===== Supplied records =====

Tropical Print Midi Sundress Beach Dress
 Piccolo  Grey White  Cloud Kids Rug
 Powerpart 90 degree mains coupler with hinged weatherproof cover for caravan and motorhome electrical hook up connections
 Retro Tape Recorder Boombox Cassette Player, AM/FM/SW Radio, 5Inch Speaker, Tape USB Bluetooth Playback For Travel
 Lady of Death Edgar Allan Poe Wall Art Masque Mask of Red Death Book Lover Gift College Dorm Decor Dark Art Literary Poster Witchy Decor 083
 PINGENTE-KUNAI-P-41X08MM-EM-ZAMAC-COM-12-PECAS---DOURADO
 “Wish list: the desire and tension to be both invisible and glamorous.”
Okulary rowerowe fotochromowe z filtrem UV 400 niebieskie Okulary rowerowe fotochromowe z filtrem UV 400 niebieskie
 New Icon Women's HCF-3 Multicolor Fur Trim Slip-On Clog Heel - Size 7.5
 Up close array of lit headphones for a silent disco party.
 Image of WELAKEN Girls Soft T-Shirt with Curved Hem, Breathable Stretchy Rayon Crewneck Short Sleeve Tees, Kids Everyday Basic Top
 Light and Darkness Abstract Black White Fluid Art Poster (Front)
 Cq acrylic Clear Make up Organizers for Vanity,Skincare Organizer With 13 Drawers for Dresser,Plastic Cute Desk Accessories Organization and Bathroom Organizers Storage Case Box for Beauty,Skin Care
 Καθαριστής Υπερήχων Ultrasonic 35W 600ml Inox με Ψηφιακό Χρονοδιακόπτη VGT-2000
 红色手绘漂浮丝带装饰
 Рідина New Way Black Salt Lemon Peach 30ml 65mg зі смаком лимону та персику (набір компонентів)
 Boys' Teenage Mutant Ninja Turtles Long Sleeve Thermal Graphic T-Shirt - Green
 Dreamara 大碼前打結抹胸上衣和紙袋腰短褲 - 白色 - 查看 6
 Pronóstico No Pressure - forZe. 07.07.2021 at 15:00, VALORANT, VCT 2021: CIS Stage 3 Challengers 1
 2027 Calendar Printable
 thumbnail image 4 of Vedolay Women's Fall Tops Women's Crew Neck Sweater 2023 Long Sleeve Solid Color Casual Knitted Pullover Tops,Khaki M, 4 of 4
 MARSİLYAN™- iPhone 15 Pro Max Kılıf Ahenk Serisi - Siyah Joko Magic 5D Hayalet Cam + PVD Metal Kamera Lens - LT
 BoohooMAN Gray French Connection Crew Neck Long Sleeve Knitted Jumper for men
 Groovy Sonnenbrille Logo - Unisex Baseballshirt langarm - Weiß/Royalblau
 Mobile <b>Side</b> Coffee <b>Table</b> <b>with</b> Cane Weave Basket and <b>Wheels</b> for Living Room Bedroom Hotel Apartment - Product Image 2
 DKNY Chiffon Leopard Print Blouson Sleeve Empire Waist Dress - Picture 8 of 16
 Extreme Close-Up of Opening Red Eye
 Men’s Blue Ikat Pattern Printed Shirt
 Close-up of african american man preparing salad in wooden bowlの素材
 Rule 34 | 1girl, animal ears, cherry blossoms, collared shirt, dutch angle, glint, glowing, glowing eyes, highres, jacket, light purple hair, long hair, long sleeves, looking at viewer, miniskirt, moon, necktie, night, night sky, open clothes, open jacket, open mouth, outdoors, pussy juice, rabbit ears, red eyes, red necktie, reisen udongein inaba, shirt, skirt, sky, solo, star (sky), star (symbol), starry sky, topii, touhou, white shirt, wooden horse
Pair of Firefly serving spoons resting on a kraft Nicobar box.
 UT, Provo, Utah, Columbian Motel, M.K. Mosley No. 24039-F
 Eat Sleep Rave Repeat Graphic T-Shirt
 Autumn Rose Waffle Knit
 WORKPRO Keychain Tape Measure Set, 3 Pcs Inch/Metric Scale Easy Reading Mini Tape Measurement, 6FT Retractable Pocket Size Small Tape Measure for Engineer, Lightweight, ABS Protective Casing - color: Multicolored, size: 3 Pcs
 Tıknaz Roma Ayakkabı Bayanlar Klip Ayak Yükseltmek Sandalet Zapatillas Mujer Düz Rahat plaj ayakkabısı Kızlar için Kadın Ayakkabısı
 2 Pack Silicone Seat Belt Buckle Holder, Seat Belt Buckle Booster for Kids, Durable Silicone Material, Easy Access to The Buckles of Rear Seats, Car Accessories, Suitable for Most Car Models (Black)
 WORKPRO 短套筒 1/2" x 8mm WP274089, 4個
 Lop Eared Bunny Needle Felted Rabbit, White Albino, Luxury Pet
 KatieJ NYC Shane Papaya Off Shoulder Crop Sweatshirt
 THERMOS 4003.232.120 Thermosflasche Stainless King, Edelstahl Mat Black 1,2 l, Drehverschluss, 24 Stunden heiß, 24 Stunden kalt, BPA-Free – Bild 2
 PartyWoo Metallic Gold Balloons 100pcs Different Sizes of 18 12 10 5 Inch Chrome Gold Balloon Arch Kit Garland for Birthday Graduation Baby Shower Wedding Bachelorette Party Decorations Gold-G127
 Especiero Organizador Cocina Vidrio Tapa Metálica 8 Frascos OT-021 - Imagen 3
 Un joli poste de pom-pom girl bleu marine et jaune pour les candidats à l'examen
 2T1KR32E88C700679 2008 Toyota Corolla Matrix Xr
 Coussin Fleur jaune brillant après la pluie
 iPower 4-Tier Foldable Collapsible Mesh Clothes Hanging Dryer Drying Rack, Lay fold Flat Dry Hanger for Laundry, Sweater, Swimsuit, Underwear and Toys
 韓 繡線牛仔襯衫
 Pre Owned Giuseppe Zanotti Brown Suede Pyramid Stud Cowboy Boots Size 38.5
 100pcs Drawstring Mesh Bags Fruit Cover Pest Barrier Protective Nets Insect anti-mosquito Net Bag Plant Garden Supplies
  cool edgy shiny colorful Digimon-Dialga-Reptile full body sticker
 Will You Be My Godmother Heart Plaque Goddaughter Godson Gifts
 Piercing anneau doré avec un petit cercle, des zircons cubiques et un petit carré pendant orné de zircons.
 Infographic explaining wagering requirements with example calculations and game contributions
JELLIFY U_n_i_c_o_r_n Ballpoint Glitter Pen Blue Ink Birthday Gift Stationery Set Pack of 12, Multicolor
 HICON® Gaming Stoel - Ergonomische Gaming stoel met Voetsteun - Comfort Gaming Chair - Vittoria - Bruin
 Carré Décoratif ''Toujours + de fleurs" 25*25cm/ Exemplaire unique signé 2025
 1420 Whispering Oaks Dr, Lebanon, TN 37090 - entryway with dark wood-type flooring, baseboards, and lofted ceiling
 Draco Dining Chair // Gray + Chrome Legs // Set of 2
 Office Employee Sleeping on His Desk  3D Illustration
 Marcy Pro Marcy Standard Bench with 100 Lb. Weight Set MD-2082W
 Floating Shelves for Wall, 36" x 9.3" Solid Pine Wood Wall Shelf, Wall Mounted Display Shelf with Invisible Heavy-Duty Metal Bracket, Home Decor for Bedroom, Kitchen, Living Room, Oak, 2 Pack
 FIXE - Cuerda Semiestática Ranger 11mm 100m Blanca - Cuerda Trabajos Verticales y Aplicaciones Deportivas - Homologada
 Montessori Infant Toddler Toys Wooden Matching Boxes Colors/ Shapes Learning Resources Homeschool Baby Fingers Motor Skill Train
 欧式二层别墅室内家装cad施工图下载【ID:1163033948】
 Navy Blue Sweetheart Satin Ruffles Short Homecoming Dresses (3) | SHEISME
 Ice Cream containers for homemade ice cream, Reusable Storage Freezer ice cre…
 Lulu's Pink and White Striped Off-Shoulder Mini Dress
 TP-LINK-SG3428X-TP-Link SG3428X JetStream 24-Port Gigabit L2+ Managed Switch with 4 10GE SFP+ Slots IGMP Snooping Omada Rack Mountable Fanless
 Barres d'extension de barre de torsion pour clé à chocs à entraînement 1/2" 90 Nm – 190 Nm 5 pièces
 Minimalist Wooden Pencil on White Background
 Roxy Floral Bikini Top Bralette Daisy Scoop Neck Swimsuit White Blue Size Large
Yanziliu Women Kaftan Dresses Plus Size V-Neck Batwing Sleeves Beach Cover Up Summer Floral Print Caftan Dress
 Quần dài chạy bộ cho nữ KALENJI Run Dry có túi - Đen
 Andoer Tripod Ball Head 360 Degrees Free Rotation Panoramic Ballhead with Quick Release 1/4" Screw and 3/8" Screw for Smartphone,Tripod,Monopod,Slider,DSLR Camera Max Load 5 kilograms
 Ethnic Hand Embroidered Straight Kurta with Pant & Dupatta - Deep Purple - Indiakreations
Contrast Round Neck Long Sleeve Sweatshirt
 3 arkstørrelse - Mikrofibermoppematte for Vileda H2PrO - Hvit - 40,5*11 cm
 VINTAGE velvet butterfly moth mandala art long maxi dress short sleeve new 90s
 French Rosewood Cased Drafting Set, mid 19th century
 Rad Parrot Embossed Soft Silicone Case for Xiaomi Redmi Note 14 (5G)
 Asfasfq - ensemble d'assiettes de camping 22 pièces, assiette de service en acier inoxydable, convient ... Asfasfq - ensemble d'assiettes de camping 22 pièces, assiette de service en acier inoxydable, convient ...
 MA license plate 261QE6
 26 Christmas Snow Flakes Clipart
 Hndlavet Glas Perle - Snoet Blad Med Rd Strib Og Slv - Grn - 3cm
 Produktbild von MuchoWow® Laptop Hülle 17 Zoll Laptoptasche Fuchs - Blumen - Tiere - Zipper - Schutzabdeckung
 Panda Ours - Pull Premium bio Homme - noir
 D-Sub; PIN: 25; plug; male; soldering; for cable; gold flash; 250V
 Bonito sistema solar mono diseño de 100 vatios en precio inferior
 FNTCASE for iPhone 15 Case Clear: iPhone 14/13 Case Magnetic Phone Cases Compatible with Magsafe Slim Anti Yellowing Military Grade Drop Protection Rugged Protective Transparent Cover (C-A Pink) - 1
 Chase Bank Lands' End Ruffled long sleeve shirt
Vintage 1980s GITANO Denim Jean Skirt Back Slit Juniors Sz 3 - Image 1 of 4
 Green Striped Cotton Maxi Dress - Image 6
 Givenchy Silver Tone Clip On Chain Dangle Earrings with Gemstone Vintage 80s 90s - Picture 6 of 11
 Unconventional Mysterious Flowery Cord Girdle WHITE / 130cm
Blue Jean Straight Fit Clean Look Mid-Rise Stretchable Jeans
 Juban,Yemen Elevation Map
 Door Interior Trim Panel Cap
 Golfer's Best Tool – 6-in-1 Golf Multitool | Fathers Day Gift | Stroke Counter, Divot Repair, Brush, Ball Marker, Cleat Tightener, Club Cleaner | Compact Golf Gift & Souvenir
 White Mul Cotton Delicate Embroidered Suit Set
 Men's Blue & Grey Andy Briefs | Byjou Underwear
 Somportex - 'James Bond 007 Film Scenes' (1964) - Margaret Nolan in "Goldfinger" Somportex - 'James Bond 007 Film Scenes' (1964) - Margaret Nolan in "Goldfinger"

=====

Task objective: The lines above, from the start of the records through the one containing "2027 Calendar Printable", are to be printed exactly, and nothing else is to be included.

Problem solution:
Tropical Print Midi Sundress Beach Dress
 Piccolo  Grey White  Cloud Kids Rug
 Powerpart 90 degree mains coupler with hinged weatherproof cover for caravan and motorhome electrical hook up connections
 Retro Tape Recorder Boombox Cassette Player, AM/FM/SW Radio, 5Inch Speaker, Tape USB Bluetooth Playback For Travel
 Lady of Death Edgar Allan Poe Wall Art Masque Mask of Red Death Book Lover Gift College Dorm Decor Dark Art Literary Poster Witchy Decor 083
 PINGENTE-KUNAI-P-41X08MM-EM-ZAMAC-COM-12-PECAS---DOURADO
 “Wish list: the desire and tension to be both invisible and glamorous.”
Okulary rowerowe fotochromowe z filtrem UV 400 niebieskie Okulary rowerowe fotochromowe z filtrem UV 400 niebieskie
 New Icon Women's HCF-3 Multicolor Fur Trim Slip-On Clog Heel - Size 7.5
 Up close array of lit headphones for a silent disco party.
 Image of WELAKEN Girls Soft T-Shirt with Curved Hem, Breathable Stretchy Rayon Crewneck Short Sleeve Tees, Kids Everyday Basic Top
 Light and Darkness Abstract Black White Fluid Art Poster (Front)
 Cq acrylic Clear Make up Organizers for Vanity,Skincare Organizer With 13 Drawers for Dresser,Plastic Cute Desk Accessories Organization and Bathroom Organizers Storage Case Box for Beauty,Skin Care
 Καθαριστής Υπερήχων Ultrasonic 35W 600ml Inox με Ψηφιακό Χρονοδιακόπτη VGT-2000
 红色手绘漂浮丝带装饰
 Рідина New Way Black Salt Lemon Peach 30ml 65mg зі смаком лимону та персику (набір компонентів)
 Boys' Teenage Mutant Ninja Turtles Long Sleeve Thermal Graphic T-Shirt - Green
 Dreamara 大碼前打結抹胸上衣和紙袋腰短褲 - 白色 - 查看 6
 Pronóstico No Pressure - forZe. 07.07.2021 at 15:00, VALORANT, VCT 2021: CIS Stage 3 Challengers 1
 2027 Calendar Printable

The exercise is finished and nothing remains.